When Milonoff finds himself cornered on a ship by the aforementioned authorities, he flings himself off the boat, handcuffed, plunging into the unpredictable abyss of the pitch-black raging ocean. Instead of being taken literally captive by his longtime metaphorical captors, he decides that he’s better off braving the waves than being in the hands of a species who’ve brutalized him for so long. This choices echoes Killmonger’s last line in this year’s Black Panther, which delves into similar themes: “Bury me in the ocean with my ancestors that jumped from ships, because they knew death was better than bondage.”
As much as we may want to take her betrayal of him as a sign of the attainability of peaceful coexistence, Milonoff’s departure leaves Melander alone once more. She removes herself from society, living in miserable destitution.
Months later, she receives a package in the mail: her child (in Border‘s supernatural mythology, male trolls are the ones who birth offspring). Her baby-daddy clearly survived, and based on the postcard, he found the mysterious group of activist trolls trolling the Finnish countryside discussed earlier in the film. Will she join them? The prospect definitely adds color to her muted face, but do they share his militant rage? Is rejecting such violence more important than finding a community for her new family? Would she be able to finally find a home amongst her own people, even if their approach to life is so antithetical to her own spiritual nature? Or maybe she can redirect their anger into forging a more productive relationship with man-and-womankind?
And how do these questions change in the face of the new life in her hands? Will she raise a more humane sort of troll, capable of living happily amongst those who once hated them, without letting their hate turn into self-hatred? Or is isolation the only path to peace?
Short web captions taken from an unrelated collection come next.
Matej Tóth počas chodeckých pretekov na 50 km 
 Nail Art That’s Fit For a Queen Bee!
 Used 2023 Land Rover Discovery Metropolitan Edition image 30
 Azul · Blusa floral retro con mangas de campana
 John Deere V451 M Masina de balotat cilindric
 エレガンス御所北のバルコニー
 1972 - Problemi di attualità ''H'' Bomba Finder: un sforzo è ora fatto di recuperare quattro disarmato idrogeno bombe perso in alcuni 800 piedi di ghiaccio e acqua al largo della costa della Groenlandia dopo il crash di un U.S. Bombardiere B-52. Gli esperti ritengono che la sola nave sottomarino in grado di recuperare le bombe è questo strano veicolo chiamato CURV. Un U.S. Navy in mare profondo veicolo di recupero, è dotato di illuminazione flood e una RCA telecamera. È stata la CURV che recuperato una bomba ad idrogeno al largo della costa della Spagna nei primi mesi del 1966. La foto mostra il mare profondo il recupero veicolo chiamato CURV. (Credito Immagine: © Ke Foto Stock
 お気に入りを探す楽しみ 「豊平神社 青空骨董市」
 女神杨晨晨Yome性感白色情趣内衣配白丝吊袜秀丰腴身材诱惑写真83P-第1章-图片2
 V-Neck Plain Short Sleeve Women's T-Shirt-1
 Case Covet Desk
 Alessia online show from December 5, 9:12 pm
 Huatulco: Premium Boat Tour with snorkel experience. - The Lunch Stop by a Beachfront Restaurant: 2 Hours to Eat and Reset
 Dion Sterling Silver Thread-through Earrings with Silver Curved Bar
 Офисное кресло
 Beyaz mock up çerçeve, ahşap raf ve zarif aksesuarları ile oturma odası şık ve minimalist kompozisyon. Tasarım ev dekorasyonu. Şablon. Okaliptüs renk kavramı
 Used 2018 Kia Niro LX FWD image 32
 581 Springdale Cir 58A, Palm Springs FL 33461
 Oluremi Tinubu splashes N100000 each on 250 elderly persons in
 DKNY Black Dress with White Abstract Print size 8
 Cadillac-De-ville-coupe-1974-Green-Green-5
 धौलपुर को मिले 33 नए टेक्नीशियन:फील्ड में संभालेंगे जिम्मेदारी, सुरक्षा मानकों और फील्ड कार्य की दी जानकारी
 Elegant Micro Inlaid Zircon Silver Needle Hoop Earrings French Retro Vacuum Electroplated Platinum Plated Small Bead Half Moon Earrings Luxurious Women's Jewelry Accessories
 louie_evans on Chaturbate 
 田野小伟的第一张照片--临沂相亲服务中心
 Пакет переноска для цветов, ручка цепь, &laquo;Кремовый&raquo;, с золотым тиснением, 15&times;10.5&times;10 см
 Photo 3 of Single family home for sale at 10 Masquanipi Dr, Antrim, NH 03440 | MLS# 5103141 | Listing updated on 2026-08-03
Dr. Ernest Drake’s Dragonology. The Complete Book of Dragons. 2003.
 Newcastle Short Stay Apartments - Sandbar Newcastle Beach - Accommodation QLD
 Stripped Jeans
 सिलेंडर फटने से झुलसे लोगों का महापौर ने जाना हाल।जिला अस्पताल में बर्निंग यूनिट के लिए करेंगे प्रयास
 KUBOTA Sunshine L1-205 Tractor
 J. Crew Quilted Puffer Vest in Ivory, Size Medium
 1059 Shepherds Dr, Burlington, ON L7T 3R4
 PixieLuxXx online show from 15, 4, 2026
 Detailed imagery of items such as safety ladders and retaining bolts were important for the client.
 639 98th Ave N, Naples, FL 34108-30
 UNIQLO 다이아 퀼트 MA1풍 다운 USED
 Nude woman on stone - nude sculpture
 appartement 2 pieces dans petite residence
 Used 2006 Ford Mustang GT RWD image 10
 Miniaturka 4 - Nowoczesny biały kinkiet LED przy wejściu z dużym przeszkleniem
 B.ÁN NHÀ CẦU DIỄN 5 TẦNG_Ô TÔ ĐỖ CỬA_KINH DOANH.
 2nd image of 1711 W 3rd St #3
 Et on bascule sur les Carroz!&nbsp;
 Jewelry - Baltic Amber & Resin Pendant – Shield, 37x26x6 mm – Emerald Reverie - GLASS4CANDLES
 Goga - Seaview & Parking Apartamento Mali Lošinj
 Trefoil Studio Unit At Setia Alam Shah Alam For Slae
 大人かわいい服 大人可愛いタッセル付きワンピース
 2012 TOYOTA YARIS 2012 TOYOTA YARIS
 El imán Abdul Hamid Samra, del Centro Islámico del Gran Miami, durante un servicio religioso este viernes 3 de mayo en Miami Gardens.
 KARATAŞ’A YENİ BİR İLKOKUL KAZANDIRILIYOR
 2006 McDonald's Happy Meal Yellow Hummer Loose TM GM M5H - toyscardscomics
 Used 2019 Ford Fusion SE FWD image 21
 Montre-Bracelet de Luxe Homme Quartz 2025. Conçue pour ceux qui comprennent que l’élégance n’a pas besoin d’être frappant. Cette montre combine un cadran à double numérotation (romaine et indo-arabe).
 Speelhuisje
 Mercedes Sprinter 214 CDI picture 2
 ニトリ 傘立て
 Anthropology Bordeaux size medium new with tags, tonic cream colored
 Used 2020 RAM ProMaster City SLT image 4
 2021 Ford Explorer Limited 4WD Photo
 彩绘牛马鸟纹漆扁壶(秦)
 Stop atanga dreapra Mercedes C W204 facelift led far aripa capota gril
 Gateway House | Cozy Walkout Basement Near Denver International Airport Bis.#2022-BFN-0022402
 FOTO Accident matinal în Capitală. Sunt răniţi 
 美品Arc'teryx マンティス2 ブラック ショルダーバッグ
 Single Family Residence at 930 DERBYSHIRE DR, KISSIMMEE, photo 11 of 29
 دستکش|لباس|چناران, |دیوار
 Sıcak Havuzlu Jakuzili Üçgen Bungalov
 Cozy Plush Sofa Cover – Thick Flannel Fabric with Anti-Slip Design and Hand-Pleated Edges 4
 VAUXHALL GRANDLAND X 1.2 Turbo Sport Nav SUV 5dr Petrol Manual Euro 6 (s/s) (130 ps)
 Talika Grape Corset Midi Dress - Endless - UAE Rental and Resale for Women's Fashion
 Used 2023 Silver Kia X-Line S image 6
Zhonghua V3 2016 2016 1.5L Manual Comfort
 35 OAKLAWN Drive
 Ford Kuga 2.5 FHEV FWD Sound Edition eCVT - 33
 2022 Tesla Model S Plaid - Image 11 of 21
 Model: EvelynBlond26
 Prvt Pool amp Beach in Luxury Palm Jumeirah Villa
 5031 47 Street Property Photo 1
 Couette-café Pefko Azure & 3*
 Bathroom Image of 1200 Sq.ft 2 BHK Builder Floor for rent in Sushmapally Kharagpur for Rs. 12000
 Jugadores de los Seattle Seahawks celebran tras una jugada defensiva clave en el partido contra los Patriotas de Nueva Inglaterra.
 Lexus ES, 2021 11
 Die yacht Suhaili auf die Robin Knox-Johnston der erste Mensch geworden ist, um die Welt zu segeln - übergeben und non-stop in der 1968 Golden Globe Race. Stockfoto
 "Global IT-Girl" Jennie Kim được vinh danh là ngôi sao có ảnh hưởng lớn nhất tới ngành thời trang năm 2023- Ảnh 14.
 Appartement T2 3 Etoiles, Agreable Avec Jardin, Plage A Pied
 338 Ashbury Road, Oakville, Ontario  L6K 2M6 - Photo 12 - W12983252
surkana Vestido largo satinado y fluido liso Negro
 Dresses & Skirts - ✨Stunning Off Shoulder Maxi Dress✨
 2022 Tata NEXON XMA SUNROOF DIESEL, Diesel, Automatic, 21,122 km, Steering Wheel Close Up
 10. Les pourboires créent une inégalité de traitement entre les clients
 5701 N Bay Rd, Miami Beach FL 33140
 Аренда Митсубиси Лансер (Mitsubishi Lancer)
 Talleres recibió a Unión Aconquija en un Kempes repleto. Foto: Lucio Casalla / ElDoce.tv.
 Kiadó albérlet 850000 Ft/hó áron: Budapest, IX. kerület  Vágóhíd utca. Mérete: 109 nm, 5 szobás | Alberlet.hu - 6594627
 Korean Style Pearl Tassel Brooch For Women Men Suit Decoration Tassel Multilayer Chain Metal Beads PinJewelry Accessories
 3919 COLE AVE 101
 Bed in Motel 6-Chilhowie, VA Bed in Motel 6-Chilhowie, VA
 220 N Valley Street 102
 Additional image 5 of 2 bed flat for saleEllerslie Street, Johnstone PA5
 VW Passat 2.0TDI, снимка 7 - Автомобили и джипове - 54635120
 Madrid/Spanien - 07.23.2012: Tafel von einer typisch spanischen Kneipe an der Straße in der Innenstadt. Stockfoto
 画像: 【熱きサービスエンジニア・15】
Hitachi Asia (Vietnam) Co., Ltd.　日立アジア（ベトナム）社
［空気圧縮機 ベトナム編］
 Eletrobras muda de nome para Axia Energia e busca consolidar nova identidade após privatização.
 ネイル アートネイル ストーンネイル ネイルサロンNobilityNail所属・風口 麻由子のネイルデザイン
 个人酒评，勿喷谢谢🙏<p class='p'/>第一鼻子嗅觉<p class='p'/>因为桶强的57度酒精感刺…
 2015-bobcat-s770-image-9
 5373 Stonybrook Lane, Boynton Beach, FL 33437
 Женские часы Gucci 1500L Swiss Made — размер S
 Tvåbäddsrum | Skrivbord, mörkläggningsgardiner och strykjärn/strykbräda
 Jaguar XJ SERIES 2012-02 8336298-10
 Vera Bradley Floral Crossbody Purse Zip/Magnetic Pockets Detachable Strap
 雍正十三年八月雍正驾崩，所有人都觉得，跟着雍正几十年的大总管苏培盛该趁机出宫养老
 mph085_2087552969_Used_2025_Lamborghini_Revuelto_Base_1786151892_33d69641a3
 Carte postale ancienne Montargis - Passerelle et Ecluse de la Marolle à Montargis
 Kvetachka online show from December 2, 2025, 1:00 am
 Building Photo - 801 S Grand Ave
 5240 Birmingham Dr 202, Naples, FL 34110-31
What happens when her grown-up toddler wants to leave the nest? One troll cannot possibly change how the entire planet will handle the fruit of her labor. And does she want to deprive this innocent soul of the sort of companionship she could not foster for herself? But if they refuse to denounce Milonoff’s rhetoric, that’s no environment for a kid to be brought up in…
Before answering these unanswerable questions, she must first take care of this crying infant. Only one thing quiets this newborn: eating the bug from the very first shot of the movie. This slyly clever bookend brings up even more questions as the credits roll:
Is it animal nature to eat each other? To divide and conquer? Will it always be us vs. them, and not all of us can survive? And if we don’t claw our way to the top of the food chain, are we more likely to be culinary fodder for others? Is life truly zero-sum?
Border is a testament to how thoughtfully-calibrated bookends can communicate just as much as the cinematic books themselves.